I have chain link and/or horse fencing around each and every outdoor yard for the CDTs here and I have see through fencing in the Redfoot day pens....have had ZERO problems...but each of the yards/pens is plenty large enough for each to walk about....each tort has its own personality and so if you are going to use a see through fence just be sure to place them out in the enclosures when you are able to be home a couple of days to keep an eye on how each does....


----------



## ztgbrawler3 (Jul 3, 2018)

Thanks for the replies guys! I guess I should have specified, I will have a visual barrier i the form of retaining wall blocks on the outside of the pen, which should also help prevent predation. I will probably bury some hardware cloth in a trench around it as well to prevent digging by the neighborhood raccoons and cats.


----------



## Maro2Bear (Jul 3, 2018)

ztgbrawler3 said:


> Thanks for the replies guys! I guess I should have specified, I will have a visual barrier i the form of retaining wall blocks on the outside of the pen, which should also help prevent predation. I will probably bury some hardware cloth in a trench around it as well to prevent digging by the neighborhood raccoons and cats.
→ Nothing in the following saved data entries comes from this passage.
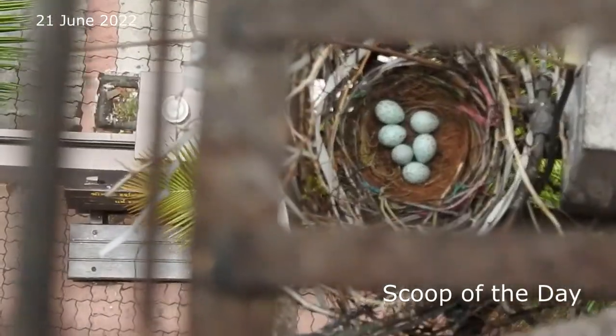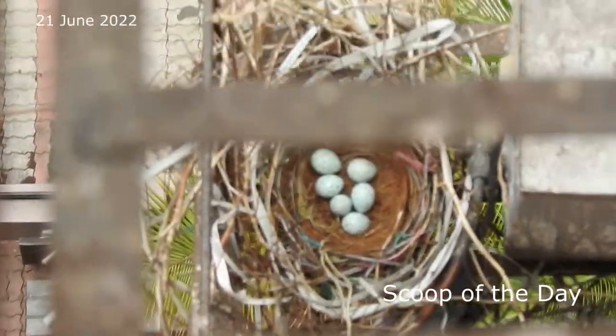I can see the next day of egg hatching — 6 eggs. It took approximately 16 days to hatch.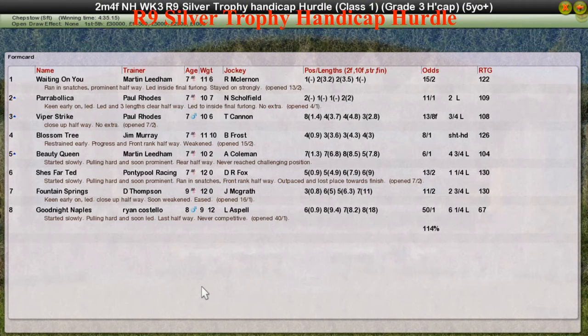Blossom Tree fourth for Jim Murray. And Martin Liedem also picks up some minor prize money with Beauty Queen who finished fifth.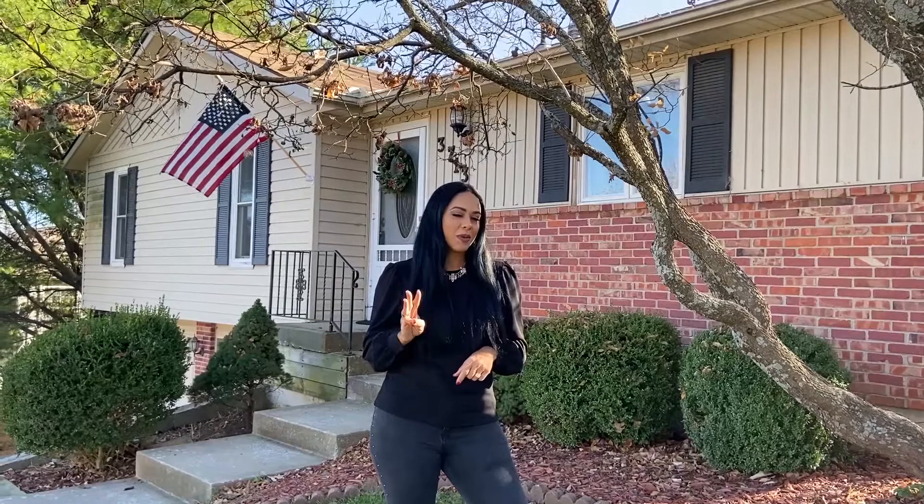Hi everybody, Carol Ross-Izabelski with the RZ team with Better Homes and Gardens Real Estate. I'm at our brand new listing at 3713 East 114th Terrace in Kansas City, Missouri 64137. This listing has three bedrooms, two bathrooms. It is a ranch style, open concept, fantastic home. I cannot wait to show you. Let's go check it out.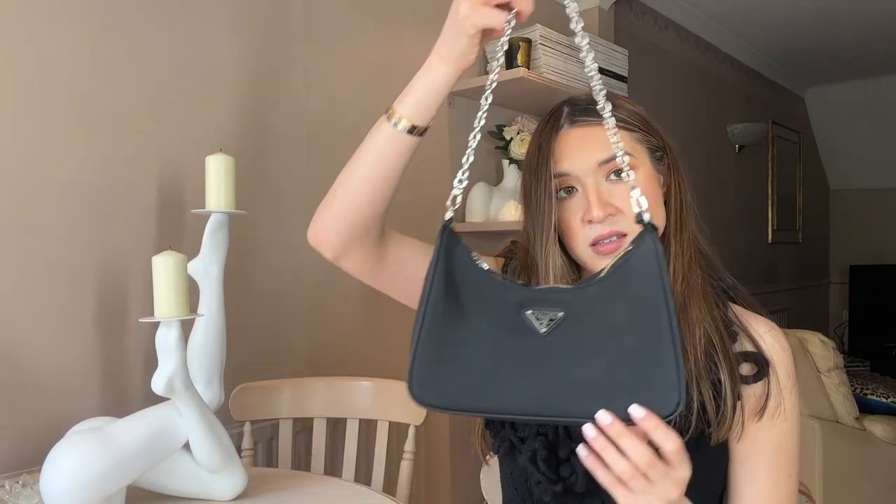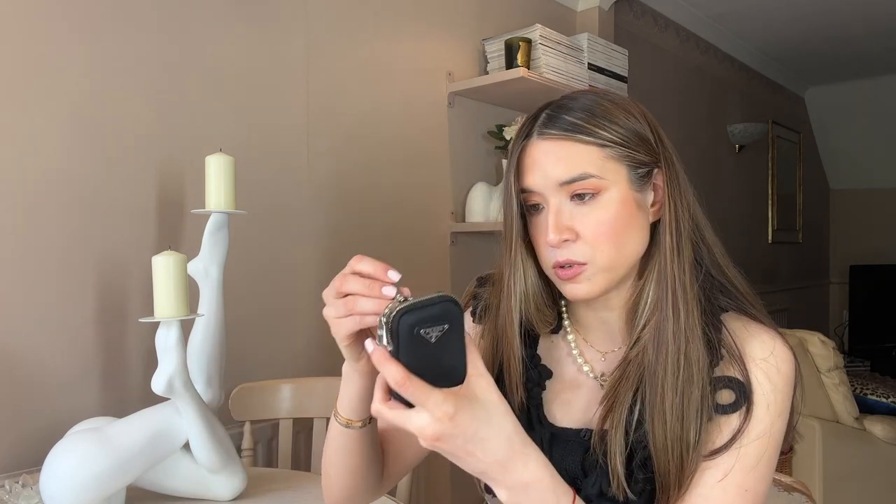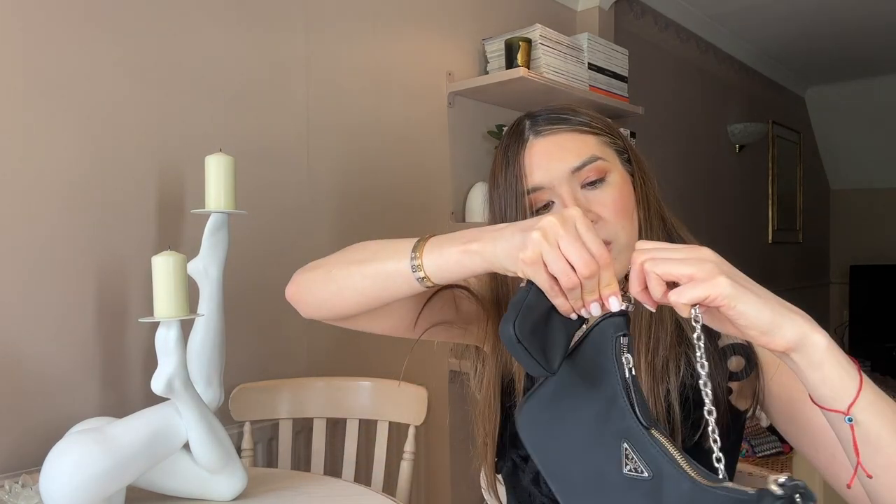However, the strap detaches so you don't have to have that on there at all, and then you can use this as an evening bag, which is really useful when you travel. You've got your day look when you're walking around and then your evening look. You also have this detachable little — I call it an airpod holder — but I also stick things like a lipstick or a mask in there, and then you can reattach it if you want.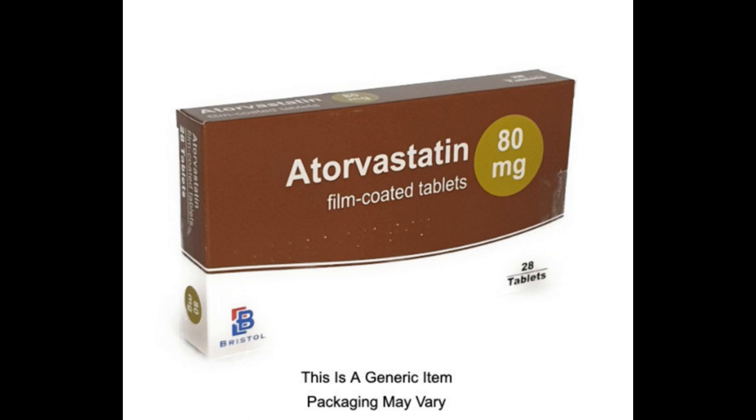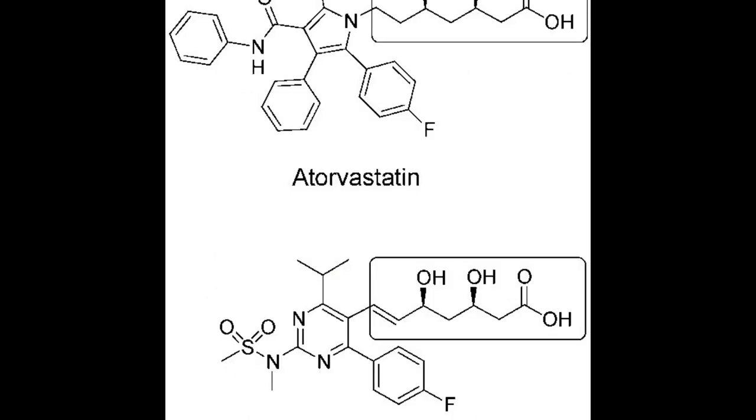Who may not be able to take atorvastatin? Atorvastatin is not suitable for some people. To make sure it's safe for you, tell your doctor if you have ever had an allergic reaction to atorvastatin or any other medicine, have liver or kidney problems, think you might be pregnant, are already pregnant, or you're breastfeeding, have lung disease, have previously had a stroke caused by bleeding into the brain, regularly drink large amounts of alcohol, have an underactive thyroid, have had muscular side effects when taking a statin in the past, or have ever had a muscle disorder, including fibromyalgia.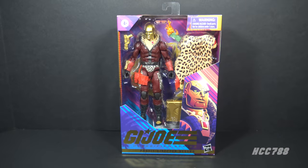Hello everybody, Hooded Cobra Commander 788 here, and welcome back to Class of Fridays. We are looking at another GI Joe 6-inch Classified Series figure. This time we are looking at Profit Director Destro, and yeah, this requires some explanation.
 Just a quick question, are you planning to cover the enclosure? The reason i ask is that i would guess most racoons and / or cats would just scramble up and over vice digging under your fence.
Either way... good luck with your project. Keep us updated. Happy Torting.


----------



## ztgbrawler3 (Jul 3, 2018)

Maro2Bear said:


> Just a quick question, are you planning to cover the enclosure? The reason i ask is that i would guess most racoons and / or cats would just scramble up and over vice digging under your fence.
> Either way... good luck with your project. Keep us updated. Happy Torting.



Yes, I am doing chain link over the top. What they are in right now is uncovered, so I have to bring them in every night. With my work schedule the way it is, that is sometimes difficult.


----------



## Maro2Bear (Jul 3, 2018)

ztgbrawler3 said:


> Yes, I am doing chain link over the top. What they are in right now is uncovered, so I have to bring them in every night. With my work schedule the way it is, that is sometimes difficult.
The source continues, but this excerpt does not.